Single by Dwight Yoakam

from the album Buenas Noches from a Lonely Room
- B-side: "Floyd County"
- Released: October 1988
- Recorded: 1988
- Genre: Country
- Length: 3:28
- Label: Reprise 27715
- Songwriter: Dwight Yoakam
- Producer: Pete Anderson

Dwight Yoakam singles chronology
| "Streets of Bakersfield" (1988) | "I Sang Dixie" (1988) | "I Got You" (1989) |

= I Sang Dixie =

"I Sang Dixie" is a song written and recorded by American country music artist Dwight Yoakam. It was released in October 1988 as the second single from his album Buenas Noches from a Lonely Room. In 1989, the song went to number one on the US Country chart. Rolling Stone ranked "I Sang Dixie" No. 26 on its list of the 40 Saddest Country Songs of All time in 2019.

==Content==
The song's narrator describes meeting a man from the Southern United States dying on a street in Los Angeles. The narrator, while crying, holds the man and sings 'Dixie' to comfort him as he dies. He goes on to describe how others "walk on by" ignoring the man's suffering. The dying man warns the narrator with his final words to "run back home to that southern land" and escape "what life here has done to [him]".

== Background ==
Yoakam told the story of how he came up with the song at a concert in Athens, Georgia on Nov 13, 2025. He recalled stopping into a pizza shop in California with his brother, and while they were waiting for their food Yoakam saw two men standing outside the shop.
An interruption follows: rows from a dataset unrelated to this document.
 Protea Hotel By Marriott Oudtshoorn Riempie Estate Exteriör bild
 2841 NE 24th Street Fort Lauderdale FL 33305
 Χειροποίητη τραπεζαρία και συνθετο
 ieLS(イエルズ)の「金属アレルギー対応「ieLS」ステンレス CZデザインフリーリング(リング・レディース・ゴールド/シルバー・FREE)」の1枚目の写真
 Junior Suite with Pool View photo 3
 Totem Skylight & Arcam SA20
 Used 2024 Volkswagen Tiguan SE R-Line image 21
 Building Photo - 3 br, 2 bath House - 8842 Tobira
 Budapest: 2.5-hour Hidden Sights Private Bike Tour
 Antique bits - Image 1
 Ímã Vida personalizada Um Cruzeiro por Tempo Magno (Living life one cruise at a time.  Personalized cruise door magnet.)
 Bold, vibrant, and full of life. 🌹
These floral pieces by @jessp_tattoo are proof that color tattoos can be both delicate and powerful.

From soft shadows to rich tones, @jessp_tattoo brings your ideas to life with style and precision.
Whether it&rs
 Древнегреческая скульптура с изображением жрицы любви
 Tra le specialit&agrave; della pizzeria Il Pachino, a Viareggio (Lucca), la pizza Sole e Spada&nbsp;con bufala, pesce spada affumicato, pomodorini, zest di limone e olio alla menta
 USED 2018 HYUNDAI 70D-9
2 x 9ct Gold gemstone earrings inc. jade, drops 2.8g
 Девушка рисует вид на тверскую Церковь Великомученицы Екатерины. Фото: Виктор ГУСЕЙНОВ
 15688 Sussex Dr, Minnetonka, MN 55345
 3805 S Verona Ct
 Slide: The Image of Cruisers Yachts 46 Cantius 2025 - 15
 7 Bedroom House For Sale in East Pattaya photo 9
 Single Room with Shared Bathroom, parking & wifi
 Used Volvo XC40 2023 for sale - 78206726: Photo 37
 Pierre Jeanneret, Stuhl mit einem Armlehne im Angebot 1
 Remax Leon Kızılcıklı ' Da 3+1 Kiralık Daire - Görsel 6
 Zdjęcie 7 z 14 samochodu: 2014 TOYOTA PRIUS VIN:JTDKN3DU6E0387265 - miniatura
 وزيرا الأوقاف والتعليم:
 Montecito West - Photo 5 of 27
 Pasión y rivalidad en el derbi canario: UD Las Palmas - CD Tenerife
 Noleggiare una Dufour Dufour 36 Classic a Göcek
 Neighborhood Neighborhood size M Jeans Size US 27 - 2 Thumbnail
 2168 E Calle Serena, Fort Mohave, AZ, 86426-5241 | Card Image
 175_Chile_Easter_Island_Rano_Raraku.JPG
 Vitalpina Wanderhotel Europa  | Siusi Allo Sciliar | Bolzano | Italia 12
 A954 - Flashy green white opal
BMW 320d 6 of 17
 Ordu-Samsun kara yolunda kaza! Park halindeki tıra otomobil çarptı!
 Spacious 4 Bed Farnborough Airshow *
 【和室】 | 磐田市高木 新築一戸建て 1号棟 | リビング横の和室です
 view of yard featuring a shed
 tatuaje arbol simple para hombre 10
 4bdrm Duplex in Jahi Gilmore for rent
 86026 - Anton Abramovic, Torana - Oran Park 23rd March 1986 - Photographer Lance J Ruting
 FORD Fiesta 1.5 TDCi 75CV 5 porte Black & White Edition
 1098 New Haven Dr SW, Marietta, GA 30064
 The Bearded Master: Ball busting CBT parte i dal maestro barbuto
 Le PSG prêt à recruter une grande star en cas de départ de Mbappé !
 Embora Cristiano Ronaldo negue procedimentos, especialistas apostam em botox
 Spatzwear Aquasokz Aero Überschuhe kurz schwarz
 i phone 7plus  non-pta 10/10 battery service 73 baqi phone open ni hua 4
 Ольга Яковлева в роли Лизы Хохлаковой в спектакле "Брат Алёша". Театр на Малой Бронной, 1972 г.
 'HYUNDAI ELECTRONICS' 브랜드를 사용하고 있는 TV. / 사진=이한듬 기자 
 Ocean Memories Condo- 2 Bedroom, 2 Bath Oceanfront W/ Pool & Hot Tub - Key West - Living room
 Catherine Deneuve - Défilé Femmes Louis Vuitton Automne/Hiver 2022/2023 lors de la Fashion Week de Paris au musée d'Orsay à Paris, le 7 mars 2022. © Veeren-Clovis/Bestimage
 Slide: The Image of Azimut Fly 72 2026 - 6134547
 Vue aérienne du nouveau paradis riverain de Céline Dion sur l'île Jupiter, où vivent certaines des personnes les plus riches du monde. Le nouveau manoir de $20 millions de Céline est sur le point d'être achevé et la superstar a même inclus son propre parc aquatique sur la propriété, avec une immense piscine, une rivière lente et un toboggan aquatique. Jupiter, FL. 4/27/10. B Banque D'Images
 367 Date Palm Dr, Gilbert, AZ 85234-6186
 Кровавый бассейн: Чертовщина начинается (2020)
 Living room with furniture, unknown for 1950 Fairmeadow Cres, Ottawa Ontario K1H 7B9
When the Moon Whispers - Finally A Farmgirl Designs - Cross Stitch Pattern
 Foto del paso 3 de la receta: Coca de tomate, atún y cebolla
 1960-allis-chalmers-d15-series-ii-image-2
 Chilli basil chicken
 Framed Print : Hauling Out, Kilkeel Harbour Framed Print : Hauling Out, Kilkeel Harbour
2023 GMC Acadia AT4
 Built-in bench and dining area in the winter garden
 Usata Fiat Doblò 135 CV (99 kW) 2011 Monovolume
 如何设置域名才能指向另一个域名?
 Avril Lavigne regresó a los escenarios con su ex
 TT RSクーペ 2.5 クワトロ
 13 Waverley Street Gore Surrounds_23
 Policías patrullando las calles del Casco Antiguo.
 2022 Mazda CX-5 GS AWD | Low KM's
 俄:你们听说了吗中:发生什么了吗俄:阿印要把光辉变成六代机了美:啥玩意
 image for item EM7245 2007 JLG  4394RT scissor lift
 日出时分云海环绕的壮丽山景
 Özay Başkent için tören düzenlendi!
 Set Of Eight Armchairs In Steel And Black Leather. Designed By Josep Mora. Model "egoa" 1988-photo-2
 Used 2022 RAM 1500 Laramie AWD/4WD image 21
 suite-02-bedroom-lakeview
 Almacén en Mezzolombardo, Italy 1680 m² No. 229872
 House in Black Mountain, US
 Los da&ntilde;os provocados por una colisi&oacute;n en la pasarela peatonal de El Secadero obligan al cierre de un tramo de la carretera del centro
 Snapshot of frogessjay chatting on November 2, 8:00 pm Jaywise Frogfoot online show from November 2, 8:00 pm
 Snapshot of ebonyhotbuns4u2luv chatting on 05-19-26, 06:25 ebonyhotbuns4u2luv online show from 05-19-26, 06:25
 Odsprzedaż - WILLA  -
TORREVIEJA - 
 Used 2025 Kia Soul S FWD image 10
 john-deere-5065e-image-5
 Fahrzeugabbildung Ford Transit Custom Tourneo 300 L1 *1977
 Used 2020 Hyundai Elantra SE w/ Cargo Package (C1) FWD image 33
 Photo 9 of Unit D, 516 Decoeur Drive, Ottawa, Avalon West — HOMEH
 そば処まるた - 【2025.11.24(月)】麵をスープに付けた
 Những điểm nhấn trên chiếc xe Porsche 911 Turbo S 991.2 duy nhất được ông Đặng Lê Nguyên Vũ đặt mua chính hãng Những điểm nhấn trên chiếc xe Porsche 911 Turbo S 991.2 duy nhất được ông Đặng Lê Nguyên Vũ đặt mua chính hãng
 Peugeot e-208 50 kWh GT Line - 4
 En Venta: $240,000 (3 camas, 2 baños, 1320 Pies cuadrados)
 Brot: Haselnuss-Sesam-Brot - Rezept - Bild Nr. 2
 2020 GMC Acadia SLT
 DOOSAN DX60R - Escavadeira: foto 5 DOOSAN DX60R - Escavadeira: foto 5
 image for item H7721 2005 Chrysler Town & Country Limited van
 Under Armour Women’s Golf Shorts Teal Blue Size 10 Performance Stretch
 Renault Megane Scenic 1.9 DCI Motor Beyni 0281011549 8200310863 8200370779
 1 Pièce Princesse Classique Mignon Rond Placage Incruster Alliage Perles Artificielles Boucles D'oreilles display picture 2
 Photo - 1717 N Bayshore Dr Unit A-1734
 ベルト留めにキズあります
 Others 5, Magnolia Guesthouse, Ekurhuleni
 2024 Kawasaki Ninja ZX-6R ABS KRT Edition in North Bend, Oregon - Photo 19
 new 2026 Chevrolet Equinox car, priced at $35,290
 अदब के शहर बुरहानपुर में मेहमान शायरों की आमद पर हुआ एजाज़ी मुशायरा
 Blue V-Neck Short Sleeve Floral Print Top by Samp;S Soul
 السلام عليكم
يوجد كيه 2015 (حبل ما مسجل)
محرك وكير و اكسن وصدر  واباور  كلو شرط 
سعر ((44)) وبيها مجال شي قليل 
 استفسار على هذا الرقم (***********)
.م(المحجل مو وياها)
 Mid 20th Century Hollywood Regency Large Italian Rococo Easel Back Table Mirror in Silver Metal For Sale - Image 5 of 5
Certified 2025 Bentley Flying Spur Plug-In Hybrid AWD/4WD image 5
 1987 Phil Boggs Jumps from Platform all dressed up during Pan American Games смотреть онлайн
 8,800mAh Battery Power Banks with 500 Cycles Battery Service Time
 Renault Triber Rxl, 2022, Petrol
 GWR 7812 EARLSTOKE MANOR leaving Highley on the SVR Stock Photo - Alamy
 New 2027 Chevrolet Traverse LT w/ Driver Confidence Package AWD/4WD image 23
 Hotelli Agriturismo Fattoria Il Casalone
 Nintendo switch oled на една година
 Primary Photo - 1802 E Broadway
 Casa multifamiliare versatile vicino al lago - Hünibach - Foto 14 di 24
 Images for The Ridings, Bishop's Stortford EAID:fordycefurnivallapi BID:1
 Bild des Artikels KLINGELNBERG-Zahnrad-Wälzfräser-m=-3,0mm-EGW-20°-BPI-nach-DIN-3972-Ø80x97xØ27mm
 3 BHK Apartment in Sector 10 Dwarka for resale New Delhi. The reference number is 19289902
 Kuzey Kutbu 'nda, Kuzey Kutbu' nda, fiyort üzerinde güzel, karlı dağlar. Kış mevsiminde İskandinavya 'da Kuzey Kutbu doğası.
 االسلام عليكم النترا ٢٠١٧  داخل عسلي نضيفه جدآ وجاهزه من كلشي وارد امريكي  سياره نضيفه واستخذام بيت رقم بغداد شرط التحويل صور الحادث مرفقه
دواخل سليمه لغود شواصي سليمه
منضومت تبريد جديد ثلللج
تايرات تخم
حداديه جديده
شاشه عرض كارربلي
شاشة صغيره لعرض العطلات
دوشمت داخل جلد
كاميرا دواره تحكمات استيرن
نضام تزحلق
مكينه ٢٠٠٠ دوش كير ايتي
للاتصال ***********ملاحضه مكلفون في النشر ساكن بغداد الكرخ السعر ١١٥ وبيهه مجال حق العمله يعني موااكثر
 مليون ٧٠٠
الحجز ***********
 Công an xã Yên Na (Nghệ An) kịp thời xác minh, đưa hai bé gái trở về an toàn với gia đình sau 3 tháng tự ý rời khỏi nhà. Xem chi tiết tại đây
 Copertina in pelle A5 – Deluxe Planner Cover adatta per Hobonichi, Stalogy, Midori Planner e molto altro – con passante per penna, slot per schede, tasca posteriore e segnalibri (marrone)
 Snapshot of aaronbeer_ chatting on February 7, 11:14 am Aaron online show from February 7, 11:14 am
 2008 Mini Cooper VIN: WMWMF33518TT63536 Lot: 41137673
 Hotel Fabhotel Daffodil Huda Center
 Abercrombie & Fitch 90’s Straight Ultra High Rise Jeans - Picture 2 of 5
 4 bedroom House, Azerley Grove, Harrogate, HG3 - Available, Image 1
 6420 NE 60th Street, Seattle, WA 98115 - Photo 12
One was older and had fallen in the street, and upon getting up fell once more and hit his head. Yoakam and his brother exited the pizza shop to try and help while waiting for an ambulance to arrive. Yoakam reported that the men spoke in thick southern accents. The older man was eventually taken into the ambulance and driven away.

==Chart performance==

| Chart (1988–1989) | Peak position |
|---|---|
| US Hot Country Songs (Billboard) | 1 |
| Canadian RPM Country Tracks | 1 |

===Year-end charts===

| Chart (1989) | Position |
|---|---|
| Canada Country Tracks (RPM) | 6 |
| US Country Songs (Billboard) | 23 |

==Demo version==
Yoakam originally recorded a demo version of the song in 1981. It can be found on his 2002 boxed set, Reprise Please, Baby and on the 2006 Deluxe version of Guitars, Cadillacs, Etc., Etc.